Task prompt » Down to the final line, write out the material beneath exactly, without pictures.

Stored data »

'''

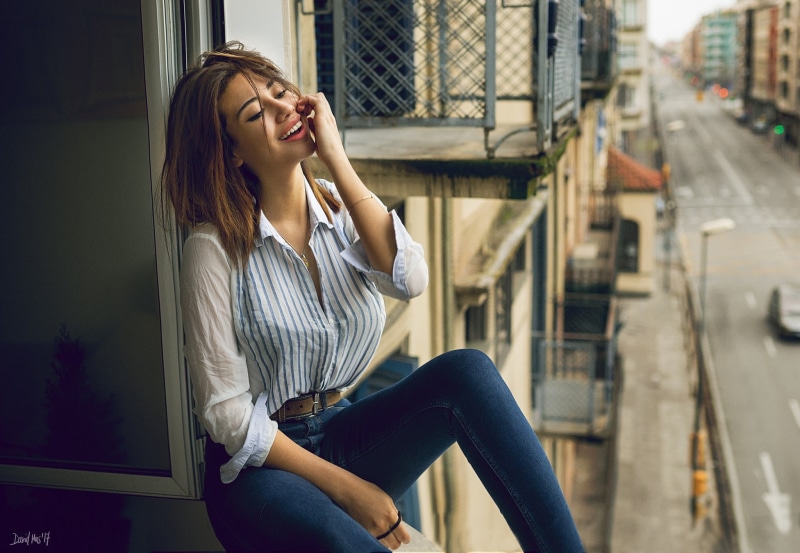 blue, 1080P, building exterior, lifestyles, smiling, street, woman, women, jeans, denim, hairstyle, architecture, auburn hair, dress, outdoors, shirt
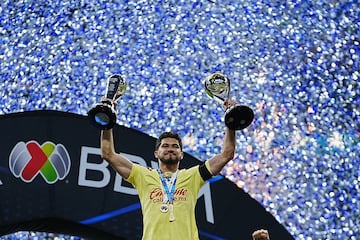    Henry Martin lifts the Clausura 2024 champion and Champion of Champions trophies  during the final second leg match between America and Cruz Azul as part of the Torneo Clausura 2024 Liga BBVA MX at Azteca Stadium on May 26, 2024 in Mexico City, Mexico.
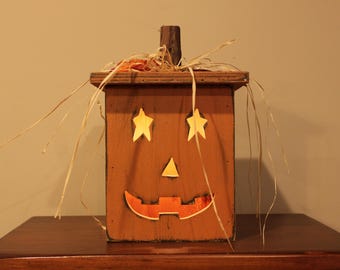 May include: A wooden Halloween decoration shaped like a jack-o'-lantern. The boxy structure has star-shaped eyes, a triangle nose, and a carved orange mouth. The top has a wooden stem and straw accents.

'''

Solved problem »
 blue, 1080P, building exterior, lifestyles, smiling, street, woman, women, jeans, denim, hairstyle, architecture, auburn hair, dress, outdoors, shirt
    Henry Martin lifts the Clausura 2024 champion and Champion of Champions trophies  during the final second leg match between America and Cruz Azul as part of the Torneo Clausura 2024 Liga BBVA MX at Azteca Stadium on May 26, 2024 in Mexico City, Mexico.
 May include: A wooden Halloween decoration shaped like a jack-o'-lantern. The boxy structure has star-shaped eyes, a triangle nose, and a carved orange mouth. The top has a wooden stem and straw accents.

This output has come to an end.